Mon fils entre dans la pensée de faire de nécessité vertu ; il attendra avec patience extérieure que quelque jeune ambitieux vienne rompre ses chaînes : cela n’est pas aisé à trouver. Voilà deux prélats de Grignan qui viennent manger mon beurre de Bretagne : que je suis aise de les avoir, en attendant mieux !

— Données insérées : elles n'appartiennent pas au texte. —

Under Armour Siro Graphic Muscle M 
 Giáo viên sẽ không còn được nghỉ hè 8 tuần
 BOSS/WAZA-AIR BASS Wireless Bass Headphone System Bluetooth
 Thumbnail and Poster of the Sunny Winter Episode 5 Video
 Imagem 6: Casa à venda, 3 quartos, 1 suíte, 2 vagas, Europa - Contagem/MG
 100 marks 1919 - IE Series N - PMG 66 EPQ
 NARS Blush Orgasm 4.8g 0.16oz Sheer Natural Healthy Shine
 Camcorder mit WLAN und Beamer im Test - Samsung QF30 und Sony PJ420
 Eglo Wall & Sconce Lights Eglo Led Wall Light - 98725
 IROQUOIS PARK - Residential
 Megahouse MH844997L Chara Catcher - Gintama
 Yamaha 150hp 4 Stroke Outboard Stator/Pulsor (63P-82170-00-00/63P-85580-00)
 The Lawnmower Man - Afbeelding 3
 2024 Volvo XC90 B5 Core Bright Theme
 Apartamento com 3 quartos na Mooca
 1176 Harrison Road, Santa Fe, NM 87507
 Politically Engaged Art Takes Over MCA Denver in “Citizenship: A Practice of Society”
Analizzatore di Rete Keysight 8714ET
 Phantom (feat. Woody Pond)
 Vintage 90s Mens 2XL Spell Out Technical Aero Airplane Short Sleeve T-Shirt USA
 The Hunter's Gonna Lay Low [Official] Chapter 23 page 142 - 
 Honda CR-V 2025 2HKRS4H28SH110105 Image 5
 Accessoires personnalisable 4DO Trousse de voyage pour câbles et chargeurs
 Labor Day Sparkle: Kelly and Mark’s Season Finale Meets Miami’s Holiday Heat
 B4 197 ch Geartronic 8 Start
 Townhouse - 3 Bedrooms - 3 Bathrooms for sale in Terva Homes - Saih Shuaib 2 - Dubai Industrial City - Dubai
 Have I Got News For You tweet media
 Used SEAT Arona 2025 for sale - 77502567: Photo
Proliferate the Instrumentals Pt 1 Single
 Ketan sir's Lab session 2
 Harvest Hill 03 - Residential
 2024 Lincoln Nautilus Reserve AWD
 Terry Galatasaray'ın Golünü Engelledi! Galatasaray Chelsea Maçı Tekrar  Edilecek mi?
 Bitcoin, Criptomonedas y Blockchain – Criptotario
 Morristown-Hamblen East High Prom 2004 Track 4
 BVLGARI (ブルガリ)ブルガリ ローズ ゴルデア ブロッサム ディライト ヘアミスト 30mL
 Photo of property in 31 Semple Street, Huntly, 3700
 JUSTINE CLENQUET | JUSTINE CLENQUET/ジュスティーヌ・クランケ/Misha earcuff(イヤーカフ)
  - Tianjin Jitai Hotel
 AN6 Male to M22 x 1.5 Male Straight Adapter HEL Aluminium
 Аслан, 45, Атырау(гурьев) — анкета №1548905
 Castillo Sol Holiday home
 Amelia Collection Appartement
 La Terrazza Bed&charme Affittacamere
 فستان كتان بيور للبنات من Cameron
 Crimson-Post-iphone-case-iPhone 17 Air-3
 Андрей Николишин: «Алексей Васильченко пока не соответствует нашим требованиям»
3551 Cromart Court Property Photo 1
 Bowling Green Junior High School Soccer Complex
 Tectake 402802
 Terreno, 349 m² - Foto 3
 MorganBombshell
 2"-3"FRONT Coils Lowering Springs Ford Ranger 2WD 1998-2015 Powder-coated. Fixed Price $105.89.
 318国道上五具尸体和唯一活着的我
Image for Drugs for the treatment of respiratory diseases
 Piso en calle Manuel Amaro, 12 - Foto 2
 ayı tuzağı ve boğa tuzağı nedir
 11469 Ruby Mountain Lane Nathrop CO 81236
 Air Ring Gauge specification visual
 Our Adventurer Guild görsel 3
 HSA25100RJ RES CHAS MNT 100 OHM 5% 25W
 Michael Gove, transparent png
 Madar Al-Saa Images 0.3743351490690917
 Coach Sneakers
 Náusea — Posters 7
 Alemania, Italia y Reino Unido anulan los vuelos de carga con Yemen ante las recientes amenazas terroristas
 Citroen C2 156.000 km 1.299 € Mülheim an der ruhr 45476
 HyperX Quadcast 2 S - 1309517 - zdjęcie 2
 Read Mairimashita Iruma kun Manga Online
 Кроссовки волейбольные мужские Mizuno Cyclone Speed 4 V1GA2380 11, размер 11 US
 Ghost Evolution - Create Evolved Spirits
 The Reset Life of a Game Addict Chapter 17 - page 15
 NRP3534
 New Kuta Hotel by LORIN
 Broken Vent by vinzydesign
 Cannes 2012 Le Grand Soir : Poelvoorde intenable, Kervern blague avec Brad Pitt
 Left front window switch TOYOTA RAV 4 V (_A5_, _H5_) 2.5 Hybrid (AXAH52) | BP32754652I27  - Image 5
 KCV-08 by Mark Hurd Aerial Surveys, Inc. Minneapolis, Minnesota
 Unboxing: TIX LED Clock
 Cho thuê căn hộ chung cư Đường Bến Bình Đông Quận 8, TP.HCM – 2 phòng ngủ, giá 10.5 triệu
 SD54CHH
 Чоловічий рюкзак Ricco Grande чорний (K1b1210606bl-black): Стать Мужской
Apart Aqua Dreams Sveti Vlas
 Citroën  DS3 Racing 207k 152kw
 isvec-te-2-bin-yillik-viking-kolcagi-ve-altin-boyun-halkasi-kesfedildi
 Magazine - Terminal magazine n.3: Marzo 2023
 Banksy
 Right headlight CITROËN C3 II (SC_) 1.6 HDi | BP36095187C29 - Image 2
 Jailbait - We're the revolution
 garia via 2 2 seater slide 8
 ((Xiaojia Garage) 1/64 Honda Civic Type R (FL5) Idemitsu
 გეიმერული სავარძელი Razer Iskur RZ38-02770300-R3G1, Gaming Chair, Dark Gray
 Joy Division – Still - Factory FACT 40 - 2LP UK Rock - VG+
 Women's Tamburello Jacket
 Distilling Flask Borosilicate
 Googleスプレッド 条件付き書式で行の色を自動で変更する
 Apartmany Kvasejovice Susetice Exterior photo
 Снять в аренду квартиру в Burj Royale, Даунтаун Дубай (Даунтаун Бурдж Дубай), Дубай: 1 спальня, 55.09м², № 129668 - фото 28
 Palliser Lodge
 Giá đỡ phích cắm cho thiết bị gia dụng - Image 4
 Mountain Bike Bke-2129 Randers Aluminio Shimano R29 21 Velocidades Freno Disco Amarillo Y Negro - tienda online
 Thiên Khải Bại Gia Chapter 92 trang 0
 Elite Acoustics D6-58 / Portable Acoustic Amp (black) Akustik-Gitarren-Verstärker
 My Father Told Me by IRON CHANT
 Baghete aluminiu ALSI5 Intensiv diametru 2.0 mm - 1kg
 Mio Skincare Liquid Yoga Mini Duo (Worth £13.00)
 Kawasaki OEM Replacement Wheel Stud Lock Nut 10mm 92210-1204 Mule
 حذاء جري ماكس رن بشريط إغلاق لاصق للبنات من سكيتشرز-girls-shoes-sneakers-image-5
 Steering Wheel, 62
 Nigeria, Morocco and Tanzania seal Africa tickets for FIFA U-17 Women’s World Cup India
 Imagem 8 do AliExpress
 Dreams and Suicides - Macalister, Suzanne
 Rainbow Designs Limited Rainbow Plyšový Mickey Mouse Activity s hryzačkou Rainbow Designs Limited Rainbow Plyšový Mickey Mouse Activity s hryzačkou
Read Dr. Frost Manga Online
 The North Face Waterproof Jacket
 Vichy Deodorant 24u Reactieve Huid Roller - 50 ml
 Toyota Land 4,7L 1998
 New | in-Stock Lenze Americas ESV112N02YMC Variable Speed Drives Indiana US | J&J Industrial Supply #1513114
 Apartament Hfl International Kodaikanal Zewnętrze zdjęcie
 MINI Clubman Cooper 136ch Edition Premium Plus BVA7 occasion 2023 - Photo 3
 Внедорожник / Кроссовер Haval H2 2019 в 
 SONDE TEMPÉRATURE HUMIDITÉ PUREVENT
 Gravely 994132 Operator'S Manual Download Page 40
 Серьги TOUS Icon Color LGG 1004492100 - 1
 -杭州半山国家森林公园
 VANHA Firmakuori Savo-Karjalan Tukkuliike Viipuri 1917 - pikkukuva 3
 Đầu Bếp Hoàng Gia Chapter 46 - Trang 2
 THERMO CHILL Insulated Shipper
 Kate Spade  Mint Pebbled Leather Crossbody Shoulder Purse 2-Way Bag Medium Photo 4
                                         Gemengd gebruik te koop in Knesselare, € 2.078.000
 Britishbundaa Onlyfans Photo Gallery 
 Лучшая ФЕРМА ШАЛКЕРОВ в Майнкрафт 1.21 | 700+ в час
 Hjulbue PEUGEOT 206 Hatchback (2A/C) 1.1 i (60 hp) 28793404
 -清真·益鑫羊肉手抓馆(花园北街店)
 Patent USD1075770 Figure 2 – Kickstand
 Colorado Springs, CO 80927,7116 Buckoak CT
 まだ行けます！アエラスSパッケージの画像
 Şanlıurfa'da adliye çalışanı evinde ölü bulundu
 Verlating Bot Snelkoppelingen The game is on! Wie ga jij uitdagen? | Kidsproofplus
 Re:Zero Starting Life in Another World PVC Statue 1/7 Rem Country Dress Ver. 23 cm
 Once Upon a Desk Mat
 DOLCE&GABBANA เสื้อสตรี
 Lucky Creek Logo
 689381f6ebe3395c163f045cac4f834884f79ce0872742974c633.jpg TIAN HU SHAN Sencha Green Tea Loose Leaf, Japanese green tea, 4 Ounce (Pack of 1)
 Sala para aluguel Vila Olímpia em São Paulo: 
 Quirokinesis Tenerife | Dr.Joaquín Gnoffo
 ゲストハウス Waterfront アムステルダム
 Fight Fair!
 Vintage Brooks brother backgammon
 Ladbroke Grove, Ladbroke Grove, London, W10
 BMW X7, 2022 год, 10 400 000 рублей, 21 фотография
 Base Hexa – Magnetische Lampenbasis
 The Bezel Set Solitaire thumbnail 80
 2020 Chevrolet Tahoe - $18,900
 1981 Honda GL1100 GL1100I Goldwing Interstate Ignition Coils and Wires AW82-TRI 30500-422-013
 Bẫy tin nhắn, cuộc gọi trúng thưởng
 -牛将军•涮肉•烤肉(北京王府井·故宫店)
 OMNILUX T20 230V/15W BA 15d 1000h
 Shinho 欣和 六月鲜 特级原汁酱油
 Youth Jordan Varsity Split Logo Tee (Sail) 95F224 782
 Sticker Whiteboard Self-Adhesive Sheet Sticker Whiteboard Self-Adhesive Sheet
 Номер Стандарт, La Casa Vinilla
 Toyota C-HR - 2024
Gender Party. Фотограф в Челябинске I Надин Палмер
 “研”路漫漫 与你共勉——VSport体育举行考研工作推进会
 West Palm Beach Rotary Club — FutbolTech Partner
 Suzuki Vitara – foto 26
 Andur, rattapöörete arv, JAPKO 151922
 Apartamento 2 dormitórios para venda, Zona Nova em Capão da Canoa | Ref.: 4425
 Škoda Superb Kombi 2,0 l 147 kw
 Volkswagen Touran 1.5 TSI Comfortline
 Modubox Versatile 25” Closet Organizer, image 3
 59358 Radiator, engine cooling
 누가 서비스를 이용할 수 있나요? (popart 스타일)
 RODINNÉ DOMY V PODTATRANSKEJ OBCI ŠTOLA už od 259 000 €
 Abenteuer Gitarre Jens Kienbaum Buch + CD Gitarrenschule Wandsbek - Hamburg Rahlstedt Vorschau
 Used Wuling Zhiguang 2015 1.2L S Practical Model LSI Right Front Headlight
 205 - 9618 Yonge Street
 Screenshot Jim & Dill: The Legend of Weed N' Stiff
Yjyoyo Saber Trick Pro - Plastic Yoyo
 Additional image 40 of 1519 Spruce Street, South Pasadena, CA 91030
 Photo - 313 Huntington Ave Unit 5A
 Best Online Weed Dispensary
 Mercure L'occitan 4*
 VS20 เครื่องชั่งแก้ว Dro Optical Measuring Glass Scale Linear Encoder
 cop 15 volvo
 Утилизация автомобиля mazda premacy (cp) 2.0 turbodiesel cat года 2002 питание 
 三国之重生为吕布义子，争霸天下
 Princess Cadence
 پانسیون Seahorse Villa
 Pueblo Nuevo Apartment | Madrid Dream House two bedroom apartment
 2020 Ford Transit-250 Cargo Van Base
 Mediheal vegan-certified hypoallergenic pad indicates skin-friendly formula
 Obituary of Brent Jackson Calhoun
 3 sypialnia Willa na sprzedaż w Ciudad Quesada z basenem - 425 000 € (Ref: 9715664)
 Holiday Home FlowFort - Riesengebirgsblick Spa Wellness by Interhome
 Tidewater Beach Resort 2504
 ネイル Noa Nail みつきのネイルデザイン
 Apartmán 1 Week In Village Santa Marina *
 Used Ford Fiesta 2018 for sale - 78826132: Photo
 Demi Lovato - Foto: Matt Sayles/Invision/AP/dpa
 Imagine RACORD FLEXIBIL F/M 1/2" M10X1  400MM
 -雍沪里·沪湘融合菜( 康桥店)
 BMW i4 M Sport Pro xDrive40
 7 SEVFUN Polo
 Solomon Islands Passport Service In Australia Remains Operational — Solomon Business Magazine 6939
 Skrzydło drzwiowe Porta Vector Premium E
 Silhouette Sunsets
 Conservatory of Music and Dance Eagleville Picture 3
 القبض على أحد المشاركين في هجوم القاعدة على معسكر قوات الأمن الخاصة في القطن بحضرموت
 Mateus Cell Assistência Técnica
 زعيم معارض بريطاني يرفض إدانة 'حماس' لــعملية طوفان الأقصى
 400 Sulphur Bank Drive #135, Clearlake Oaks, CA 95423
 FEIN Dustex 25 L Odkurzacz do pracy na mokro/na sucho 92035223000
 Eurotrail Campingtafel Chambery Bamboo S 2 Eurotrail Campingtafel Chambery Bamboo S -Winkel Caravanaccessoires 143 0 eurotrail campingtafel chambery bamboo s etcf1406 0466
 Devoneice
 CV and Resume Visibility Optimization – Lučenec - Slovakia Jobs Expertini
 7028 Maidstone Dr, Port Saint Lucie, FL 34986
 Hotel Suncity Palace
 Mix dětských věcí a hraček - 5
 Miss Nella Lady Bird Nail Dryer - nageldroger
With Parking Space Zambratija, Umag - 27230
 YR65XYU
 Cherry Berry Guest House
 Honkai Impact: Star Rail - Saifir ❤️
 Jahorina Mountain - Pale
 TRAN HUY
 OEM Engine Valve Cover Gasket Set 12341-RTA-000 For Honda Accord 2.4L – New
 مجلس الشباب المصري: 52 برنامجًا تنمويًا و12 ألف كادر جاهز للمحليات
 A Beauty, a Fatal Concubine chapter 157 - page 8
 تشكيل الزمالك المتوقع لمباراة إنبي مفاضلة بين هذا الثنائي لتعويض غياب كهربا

  1. Lettre 796 (revue en partie sur une ancienne copie). — 1. « Beaucoup d’inquiétude. » (Édition de 1754.)
  2. 2. « Que vous m’en donniez. » (Ibidem.)
  3. 3. « Pour moi, qui le jette, comme vous savez, et le pousse jusqu’à ce que vous soyez ici, j’en suis avare quand vous y êtes, et suis désespérée de voir passer les jours. » (Ibidem.)
  4. 4. « Et par les idées que j’avois. » (Éditions de 1737 et de 1754.)
  5. 5. Ce petit membre de phrase ne se lit que dans notre manuscrit.
  6. 6. Voyez la lettre suivante, p. 345.
  7. 7. Cet alinéa ne se lit pas ailleurs que dans notre manuscrit, où le copiste, par une faute singulière, a écrit (voyez quatre et cinq lignes plus loin) frénétique, au lieu de néphrétique. — La première phrase de l’alinéa suivant n’est, au contraire, que dans les deux éditions de Perrin ; seulement celle de 1754, au lieu des mots : « en peine de vous, » donne : « en peine de votre santé. »
  8. 8. L’assemblée du clergé, qui fut tenue du 25 mai au 10 juillet de cette année.
  9. 9. La fin de la phrase, depuis les mots vous envoie, manque dans l’édition de 1754.
  10. 10. De président à l’assemblée des états de Provence. (Note de Perrin.) — Il fut en effet nommé à cette présidence, dont il se démit en 1689. Voyez la lettre du 17 avril suivant, la note 14 de la lettre du 6 décembre précédent, p. 122, et la lettre du 26 octobre 1689.
  11. 11. « En quelque sorte. » (Édition de 1754-) — Dans les deux éditions de Perrin, il y a : « des ministres, » au lieu de : « de ministres. »
  12. 12. La femme du marquis de Vence, dont il est parlé tome II, p. 500, note 5 ?
  13. 13. Cette phrase manque dans l’impression de 1737, et la suivante est seulement dans notre manuscrit.13. Cette phrase manque dans l’impression de 1737, et la suivante est seulement dans notre manuscrit.
  14. 14. Voyez tome II, p. 104, note 5.
  15. 15. Mmes  de Richelieu, de Maintenon et de Rochefort. (Note de Perrin.)
  16. 16. Dans notre manuscrit : « c’est une vie assurée, retirée. »
  17. 17. « Un peu ou beaucoup d’inquiétude est inséparable de cette vérité : cette peine est attachée à l’amitié que j’ai pour vous, comme le soin de votre santé devroit tenir à l’amitié que vous avez pour moi. » (Édition de 1754.)
  18. 18. « M. de Coulanges trouve que vous n’avez pas fait assez de cas de son couplet sur vos beaux-frères et sur leur aîné. » (Ibidem.) Voici le couplet, assez insignifiant, dont il est question ici :

    Sur l’air de Joconde.

    L’infortuné devient heureux
    Sitôt que le Roi parle ;
    Un Grignan évéque d’Évreux,
    L’autre archevêque d’Arle ;
    Le chevalier près Monseigneur,
    Dans un poste qui brille,
    Présagent dans peu le bonheur
    Du chef de la famille.

    M. de Grignan répondit sur les mêmes rimes :

    J’ai trop de quoi borner mes vœux,
    C’est mon cœur qui te parle ;

    Un Grignan évêque d’Évreux,
    L’autre archevêque d’Arle ;
    Le chevalier près Monseigneur,
    Dans un poste qui brille,
    Coulanges, c’est le vrai bonheur
    Du chef de la famille.

    (Recueil de chansons choisies, tome II, p. 19 et 20.)